* [Exercise data]:

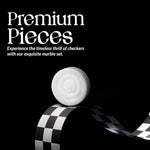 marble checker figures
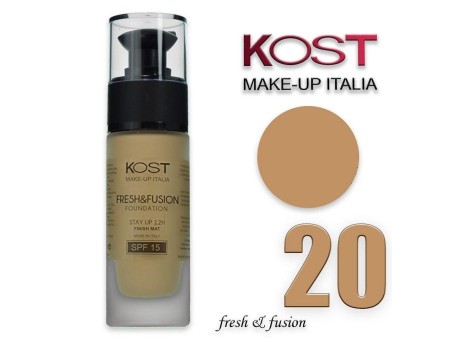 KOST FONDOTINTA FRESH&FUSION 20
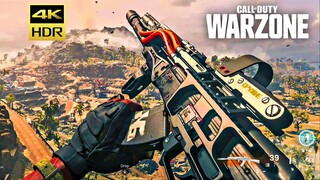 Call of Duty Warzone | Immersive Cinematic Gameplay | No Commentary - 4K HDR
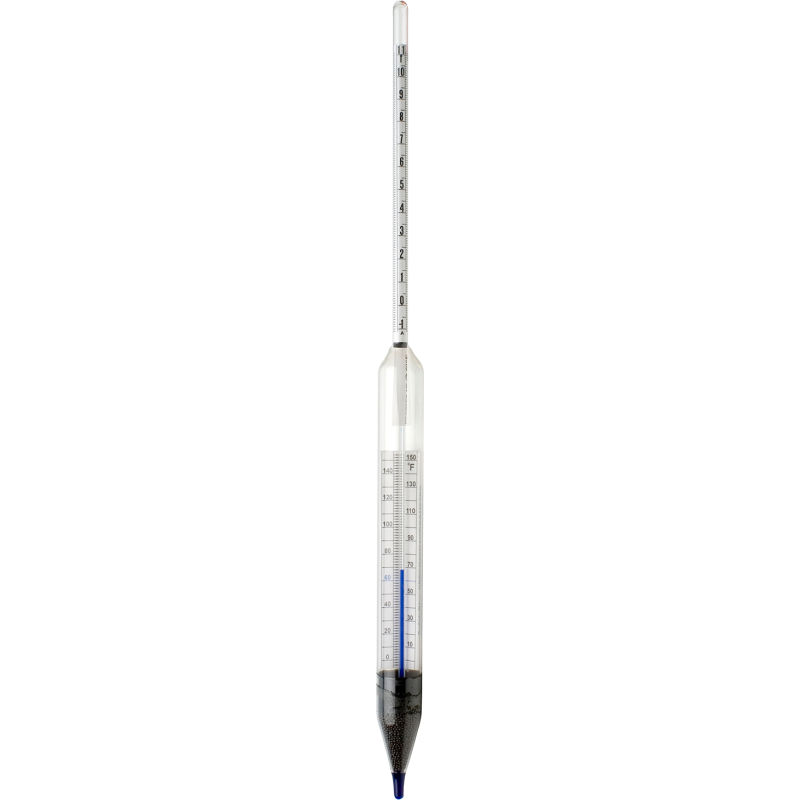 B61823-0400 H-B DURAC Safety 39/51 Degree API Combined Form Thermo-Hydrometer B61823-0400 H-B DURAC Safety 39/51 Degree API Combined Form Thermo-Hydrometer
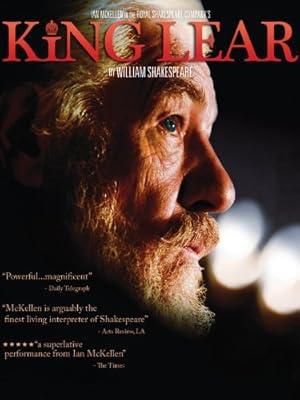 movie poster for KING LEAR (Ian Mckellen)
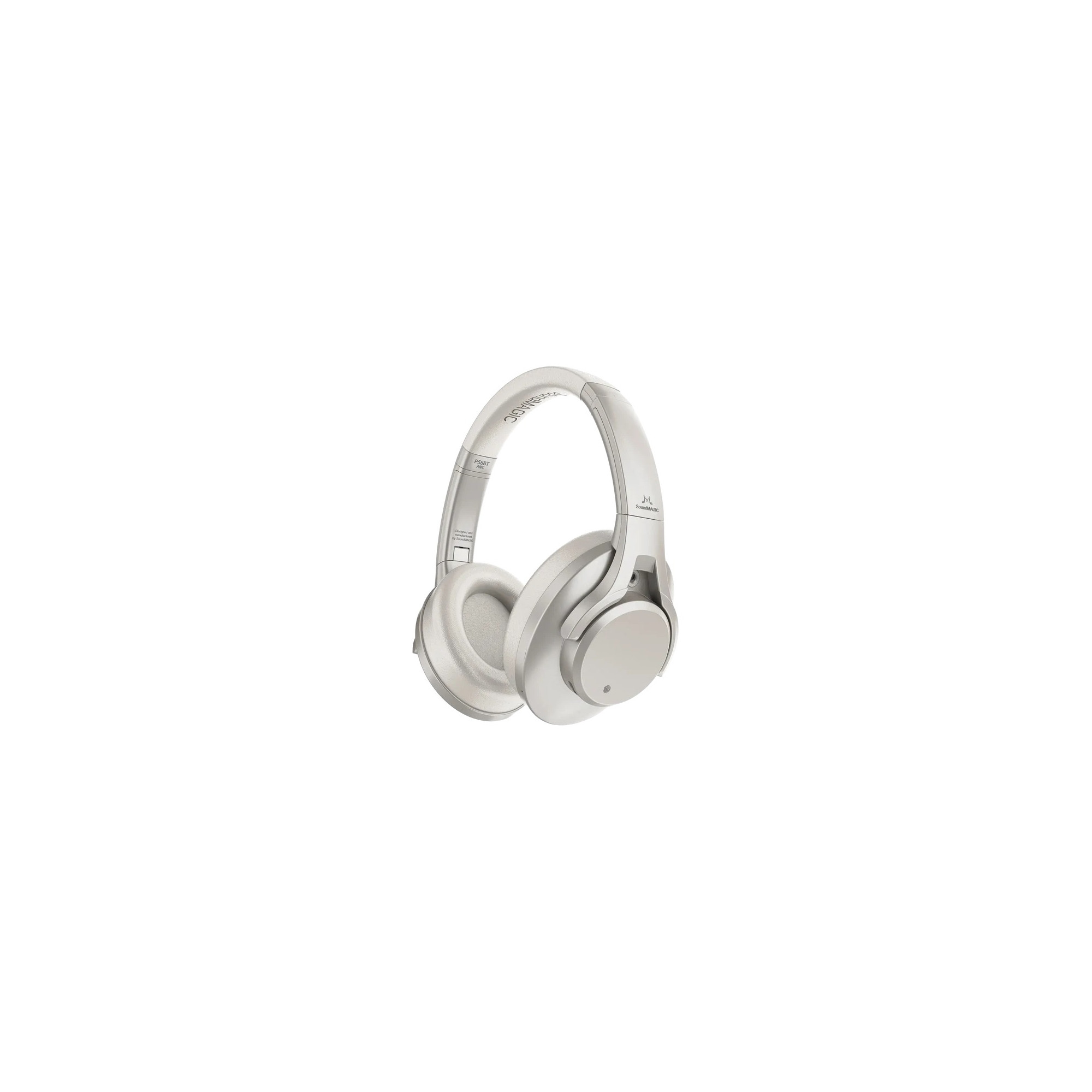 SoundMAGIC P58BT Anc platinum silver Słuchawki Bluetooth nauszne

* [Instructions to follow]: Restate the preceding entries in full, word for word, with the pictures removed.

* [Output of the exercise]:
 marble checker figures
 KOST FONDOTINTA FRESH&FUSION 20
 Call of Duty Warzone | Immersive Cinematic Gameplay | No Commentary - 4K HDR
 B61823-0400 H-B DURAC Safety 39/51 Degree API Combined Form Thermo-Hydrometer B61823-0400 H-B DURAC Safety 39/51 Degree API Combined Form Thermo-Hydrometer
 movie poster for KING LEAR (Ian Mckellen)
 SoundMAGIC P58BT Anc platinum silver Słuchawki Bluetooth nauszne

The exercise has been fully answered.